En 1903, Albert Doyen achevait Les Houles, Cycle symphonique en quatre parties, dont la seconde, une Symphonie Funèbre et Triomphale écrite à la mémoire d’Émile Zola, fut jouée la même année. Il composait des Mélodies (1904), Les Noces de la Terre et du Soleil, une Sonate (1905).
Albert Doyen fut un habitué de l’Abbaye de Créteil où il passait les mois d’été avec sa jeune femme. Il installa à Créteil (Seine, Val-de-Marne) un orgue. D’après Christian Sénéchal, Albert Doyen fut, avec Barzun, le représentant à Créteil du mouvement qui entraîna peu à peu une partie de sa génération vers un art délibérément social avec les autres membres de l’Abbaye : René Arcos, Albert Gleizes et Charles Vildrac.

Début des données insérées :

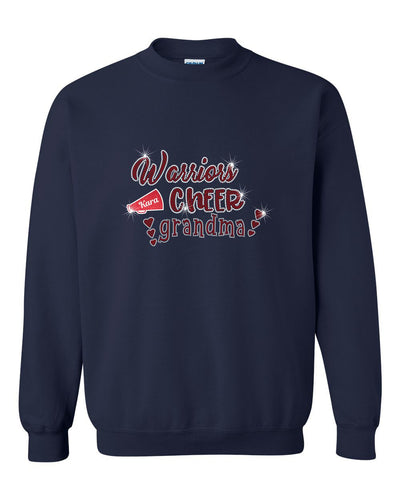 GT Warriors Crewneck Sweatshirt With Grandma Designs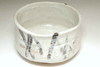 Kato Tokuro (1896-1985) Vintage shino ware tea bowl #3921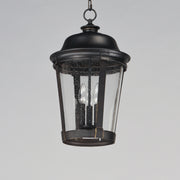 Maxim 3029CDBZ Dover Cast 3 Light Outdoor Hanging Lantern | Bronze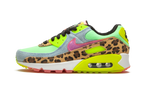 W Air Max 90 LX "Denim Leopard Print"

Albert Doyen donna une de ses œuvres maîtresses, Le Triomphe de la Liberté (sur le Quatorze Juillet de Romain Rolland*), fête populaire dédiée au peuple de Paris, qui fut couronnée par la Ville de Paris en 1913, le Chant de Midi, fête civique pour la commémoration des morts, fruit de sa collaboration avec Georges Chennevière*, achevé en 1918.

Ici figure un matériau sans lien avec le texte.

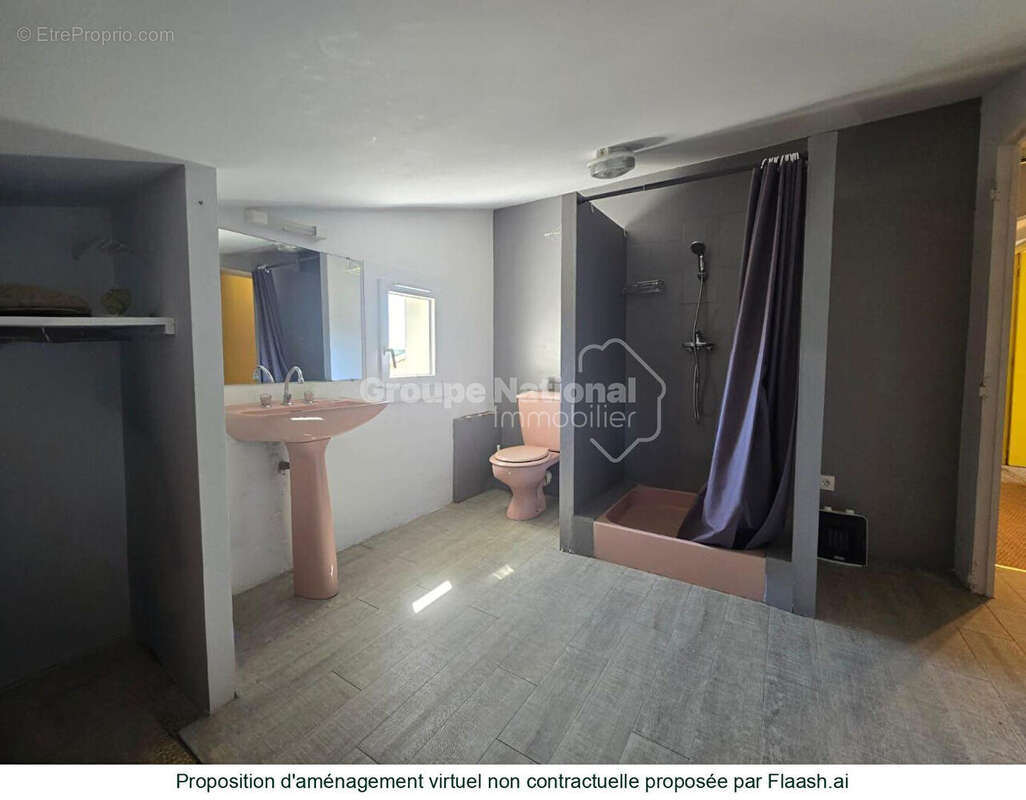 Villa familiale de 165 m² , jardin, terrasses, Aramon - photo 16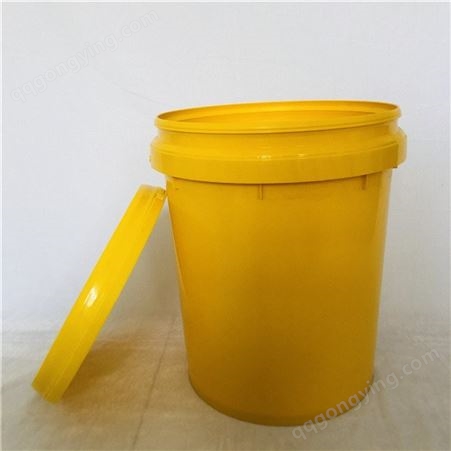 盐酸塑料桶 邦旭塑料 PP化工包装塑料桶 PP塑料乳胶桶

Durant la Première Guerre mondiale, Albert Doyen partagea les idées de Romain Rolland* en faveur duquel il donna son témoignage aux Hommes du Jour, le 27 novembre 1915.

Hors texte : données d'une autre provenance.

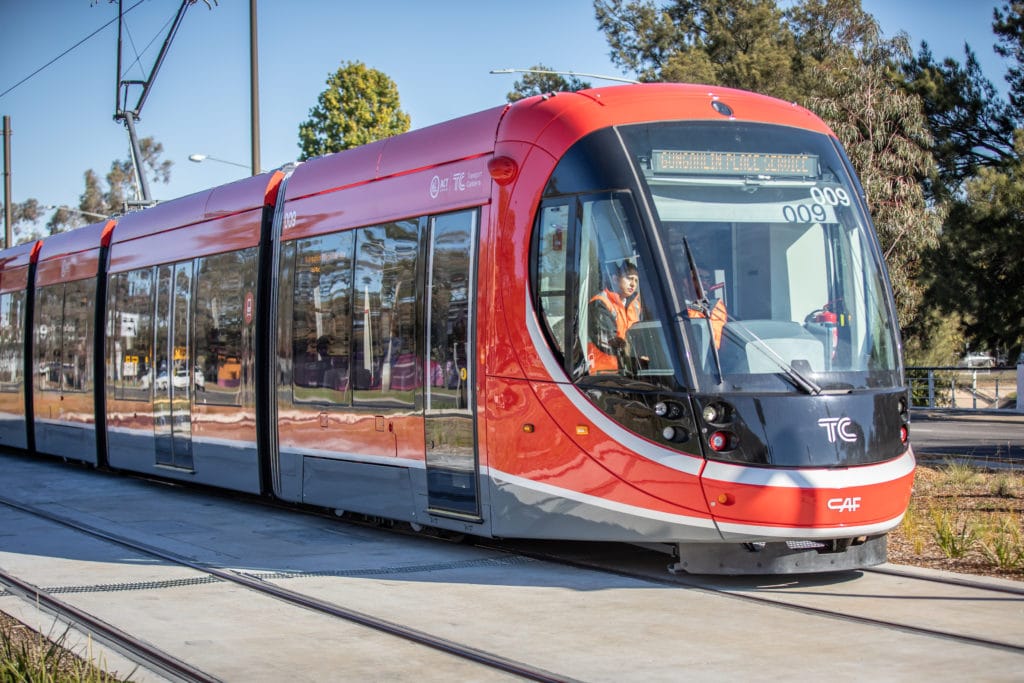 Canberra Light Rail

Dès avant la guerre, Albert Doyen avait rêvé de concilier la musique et le peuple ; il avait organisé en avril-mai 1914 le programme musical et poétique de fêtes réunies par la Bataille Syndicaliste. Lié après l’expérience de l’Abbaye de Créteil avec Georges Chennevière, ils formèrent ensemble le projet de grandes fêtes populaires. L’idée s’en fortifia lors de la fête commémorative de la mort de Jean Jaurès en 1916, au Trocadéro. L’Association « Les Fêtes du Peuple » naquit en décembre 1918.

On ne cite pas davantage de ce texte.